At UNL, Wood is teaching classes in the history of comparative religion and in Islam in the modern world, specifically examining the ways Muslims have responded to the challenges of modernity. In mass media and in popular political discourse, Islam often gets stereotyped in a monolithic way, Wood said. The latter course he will teach will challenge the understanding of Islam as a monolithic entity and emphasize the diversity within Islam, such as secular trends, traditionalism, modernism and fundamentalism.

Islam has evolved into a religion with various understandings of the faith, both from its beginnings and into modern times, Wood said. The Sunni and Shia understandings date back to the beginning of Islam. Their primary difference has to do with the understanding of authority. Sunni Islam has a more consensual idea of authority, with the ruler taking his authority from the consensus of the community, Wood said.

In Shia Islam, authority associated in the leader is more intrinsic to the leader. Leadership is passed down from person to person, with an understanding that the line traces back to Muhammad. In Shia understanding, the 12th imam to fit this description was hidden by God hundreds of years ago but is still alive. That person is known as the hidden imam, or teacher, and is believed to still be sending messages to the faithful. The religious authority of the Shia clerics is derived from their role as deputies of the hidden 12th imam. This waiting for the hidden imam to make himself known creates a messianic expectation similar in some ways to Judaism and Christianity.

Wahhabiism, a faction within Sunni Islam prevalent in Saudi Arabia, is a more recent development of Islam, dating from the 19th century. It is known for being conservative, fundamentalist, rigid and puritan, as well as for its critical attitude toward other forms of Islam, particularly Shiism. Most terrorists involved in the Sept. 11 attacks were influenced by Wahhabiism, but it’s important not to directly associate Wahhabiism with terrorist Islam, Wood said.
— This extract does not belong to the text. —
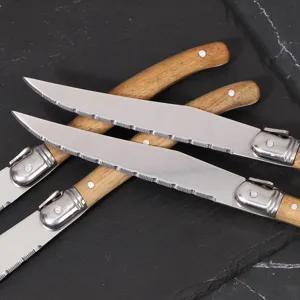 Close-up of serrated steak knife with acacia wood handle and 420 stainless steel blade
Wood is continuing his research in the same area as his dissertation, specifically on the works of Rashid Rida, especially what he wrote about Muslim-Christian relations. He said he also is interested in the phenomenon of fundamentalism in world religions. Also called “maximalists,” fundamentalists promote an expansion of religion into typically non-religious spheres of life, such as political, economic, educational, social and cultural arenas. Wood will be teaching a class in the spring semester on fundamentalism in Judaism, Islam, Christianity, Buddhism, Hinduism and Sikhism.